Task item:
Transcribe each line of the material as it is, and drop any picture.

Material provided:
################

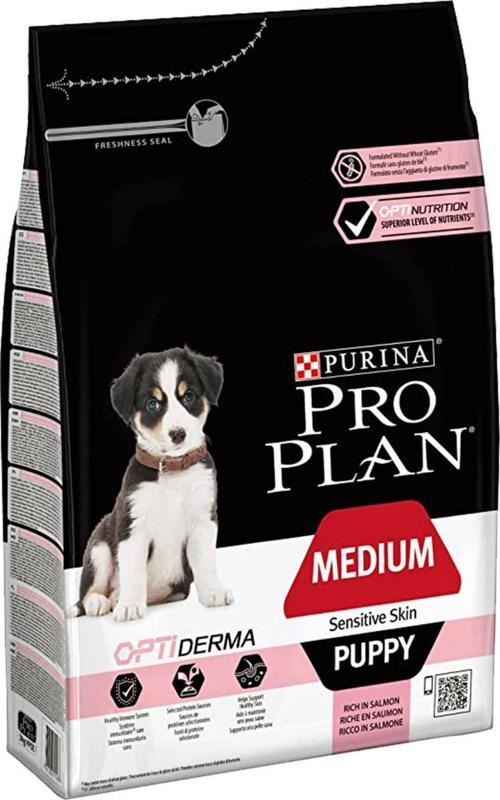 Medium Puppy Sensitive Skin Somonlu Yavru Köpek Maması 12 Kg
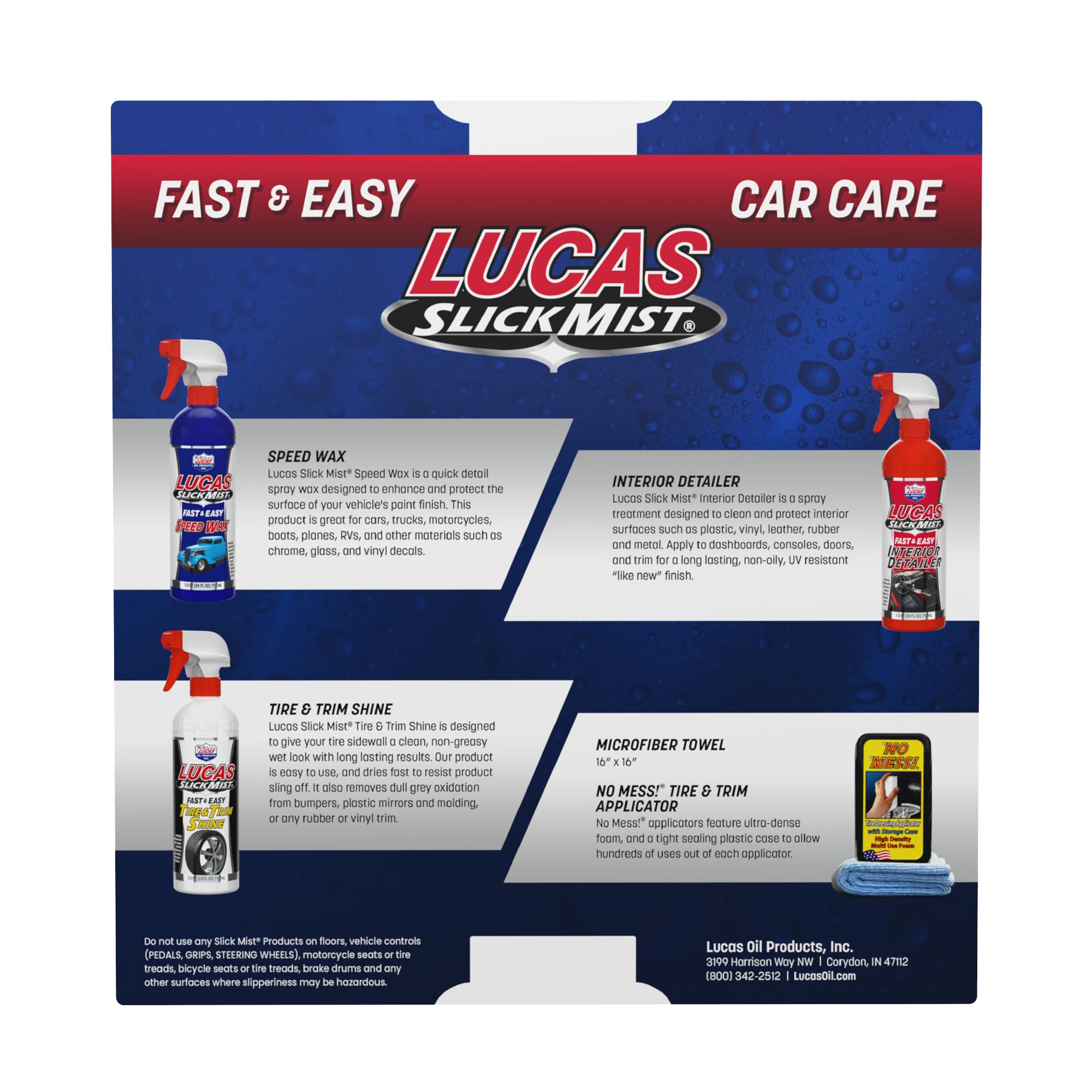 Slick Mist Lucas Oil 10558 Detailing Car Care Kit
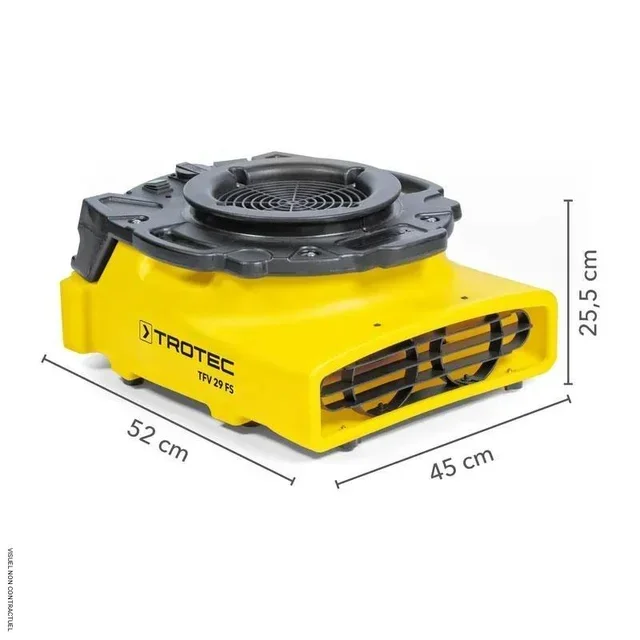 Ventilateur centrifuge Trotec TFV 29 FS compact 4 positions chantier séchage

################

Reply:
 Medium Puppy Sensitive Skin Somonlu Yavru Köpek Maması 12 Kg
 Slick Mist Lucas Oil 10558 Detailing Car Care Kit
 Ventilateur centrifuge Trotec TFV 29 FS compact 4 positions chantier séchage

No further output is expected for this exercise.